I’ve changed my blog theme again. I think I might have theme ADD. That’s one of the reasons I’ve stayed with wordpress.com, it’s incredible easy to change everything. I think I might stick with this one for awhile though. Last time I changed themes I wanted something cleaner, but what I ended up with felt heavy to me. It was just too manly. This is more what I was looking for; clean, light, with a little touch of girly. I like it, and I hope you do too.
In other news, I’ll Have What She’s Having now has a Facebook Page. I realized recently that I had advertised this on Twitter and Stumbled the page, but I never actually told my readers. I’m using it as a forum to share my posts as well as posts from other bloggers that catch my, plus the occasional food news.
And finally the recipe. I saw a photo in the most recent issue of Ricardo Magazine of Ratatouille Pizza and I knew I just had to try it.

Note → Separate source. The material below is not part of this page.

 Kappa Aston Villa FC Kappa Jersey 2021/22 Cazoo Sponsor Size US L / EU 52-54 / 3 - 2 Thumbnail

This is the perfect time of year to make ratatouille; peppers, zucchinis, and eggplants are all at their peak. It’s great as a side a couple of times but then what? I like to use it as a pasta sauce for baked pasta dishes. Ricardo recommends canning it and using it at a pizza sauce in winter when vegetables are just kind of sad. I obviously couldn’t wait that long. I used his ratatouille recipe (translated to English below) and some store bought pasta dough as I have yet to master the art of homemade pizza dough. I topped it with cooked Italian sausage and mozzarella.
This was hands down the best pizza I have ever made, and it was better than most delivery pizzas I’ve had too. This recipe is definitely a keeper. The photos I took were all a little out of focus, but I’m sharing anyway because this was just so good.
As this is a magazine recipe I will be submitting it to Magazine Monday. It’s been forever since I did a Magazine Monday Post so for those of you who don’t know, it’s an informal blog event hosted by Ivonne over at Cream Puffs in Venice. Make a magazine recipe, send her the link, and she’ll share it with her readers. Easy peasy.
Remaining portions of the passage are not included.